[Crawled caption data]
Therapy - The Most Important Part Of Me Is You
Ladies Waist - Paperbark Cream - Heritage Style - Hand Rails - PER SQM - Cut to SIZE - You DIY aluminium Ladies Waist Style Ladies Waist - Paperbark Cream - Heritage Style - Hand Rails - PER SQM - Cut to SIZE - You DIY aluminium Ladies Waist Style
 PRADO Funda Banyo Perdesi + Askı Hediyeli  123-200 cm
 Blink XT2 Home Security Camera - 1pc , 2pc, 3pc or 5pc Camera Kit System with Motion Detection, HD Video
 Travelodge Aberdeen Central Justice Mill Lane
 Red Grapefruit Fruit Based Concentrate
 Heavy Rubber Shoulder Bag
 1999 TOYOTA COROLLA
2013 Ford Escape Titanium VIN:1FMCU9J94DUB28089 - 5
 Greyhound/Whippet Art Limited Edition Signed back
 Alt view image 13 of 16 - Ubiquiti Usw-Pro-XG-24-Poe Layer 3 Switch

- PROBLEM DETAILS
Send back all the records above word for word.

- RESULT
Therapy - The Most Important Part Of Me Is You
Ladies Waist - Paperbark Cream - Heritage Style - Hand Rails - PER SQM - Cut to SIZE - You DIY aluminium Ladies Waist Style Ladies Waist - Paperbark Cream - Heritage Style - Hand Rails - PER SQM - Cut to SIZE - You DIY aluminium Ladies Waist Style
 PRADO Funda Banyo Perdesi + Askı Hediyeli  123-200 cm
 Blink XT2 Home Security Camera - 1pc , 2pc, 3pc or 5pc Camera Kit System with Motion Detection, HD Video
 Travelodge Aberdeen Central Justice Mill Lane
 Red Grapefruit Fruit Based Concentrate
 Heavy Rubber Shoulder Bag
 1999 TOYOTA COROLLA
2013 Ford Escape Titanium VIN:1FMCU9J94DUB28089 - 5
 Greyhound/Whippet Art Limited Edition Signed back
 Alt view image 13 of 16 - Ubiquiti Usw-Pro-XG-24-Poe Layer 3 Switch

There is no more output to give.